Ingredients:
For the tostadas:
– 4–6 corn tostada shells
– 2 cups cooked grilled chicken breast, sliced or chopped
– 1½ cups corn kernels (fresh, canned, or thawed frozen)
– 1 cup shredded Monterey Jack or pepper jack cheese
– 1 tablespoon olive oil
– Salt & pepper to taste
For the cilantro lime cream:
– 1/2 cup sour cream or Greek yogurt
– Juice of 1 lime
– 1 tablespoon chopped fresh cilantro
– 1 clove garlic, minced
– Pinch of salt
Optional toppings:
– Sliced jalapeños
– Extra cilantro
– Crumbled cotija cheese
– Chili powder
Instructions
1. Roast the Corn
Heat olive oil in a skillet over medium heat. Add the corn kernels and sauté for 5–7 minutes until lightly charred. Season with salt and pepper to taste. This step brings out a smoky sweetness that elevates the flavor of the dish.

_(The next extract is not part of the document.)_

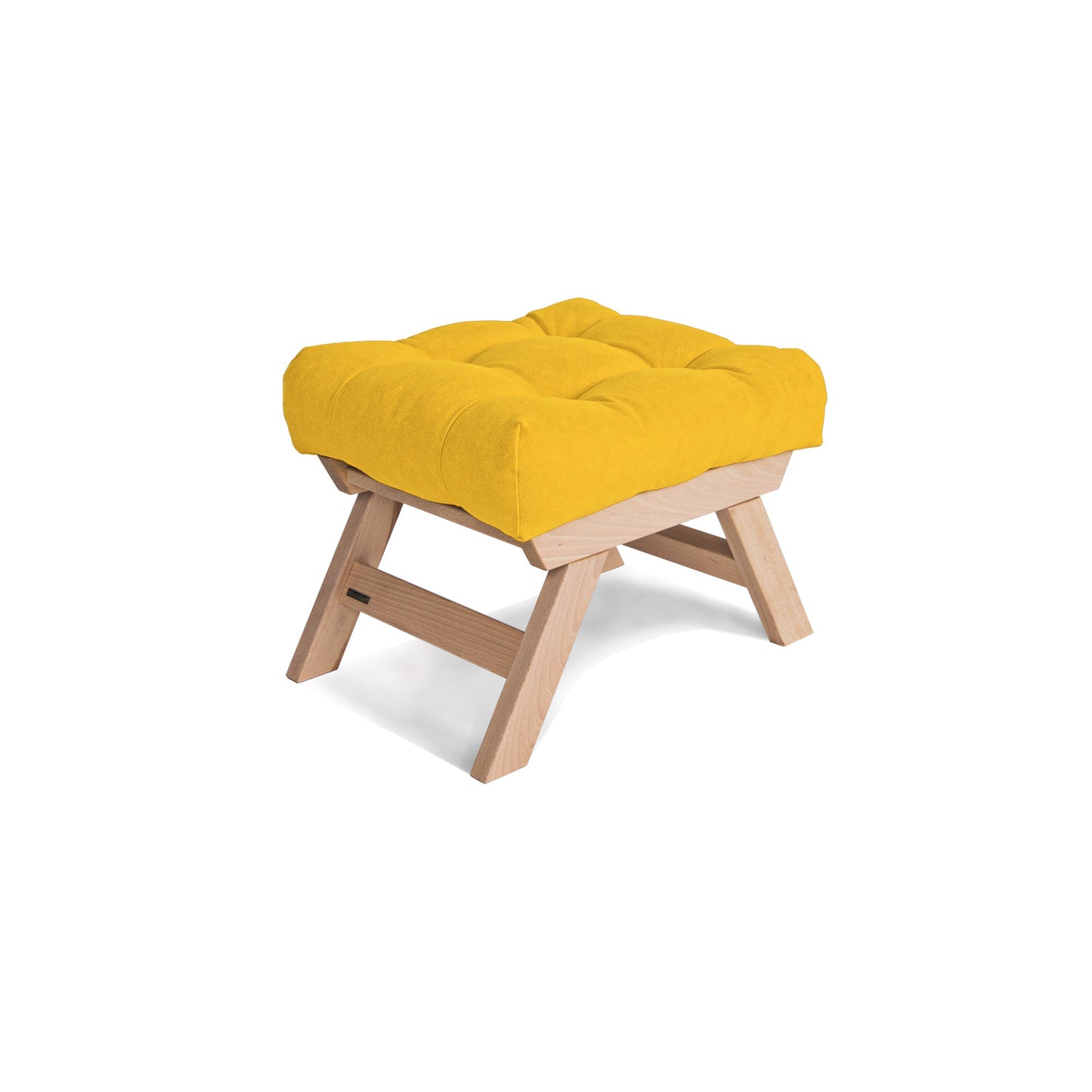 update alt-text with template ALLEGRO Pouffe Wood Natural-Poef-Marior HOME-Untreated-Yellow-Allegro_pouffe_yellow_7445cf4c-da49-4a50-b115-de79fe2ba823-poef, pouffes-Product type: pouffe Frame material: solid beech wood (certified FSC) Frame colours: untreated (no oil, no varnish) natural (linseed oil) walnut (linseed oil) Seat: polyester fabric, hollow fibre filling Fabric colours: 10 colours available Assembly: item is assembled Country of origin: Ukraine Manufacturer warranty: 2 years WEIGHTS & DIMENSIONS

Pro Tip: If you’re using fresh corn, grilling it first and slicing it off the cob will add even more depth to the flavor.
2. Assemble the Tostadas
Place tostada shells on a baking sheet. Start by layering a generous amount of shredded cheese, followed by sliced grilled chicken and charred corn. Add a little extra cheese on top if you want extra meltiness.
3. Bake
Preheat oven to 400°F (200°C). Bake the tostadas for 6–8 minutes, or until the cheese is melted and bubbly and the edges of the tostada are crisp.
4. Make the Cilantro Lime Cream
While the tostadas bake, whisk together the sour cream (or Greek yogurt), lime juice, cilantro, minced garlic, and salt until smooth and creamy. Taste and adjust lime or salt if desired.
5. Serve and Garnish
Drizzle each hot tostada with the cilantro lime cream. Finish with optional toppings like sliced jalapeños, crumbled cotija cheese, fresh cilantro, and a dusting of chili powder. Serve immediately while warm and crisp.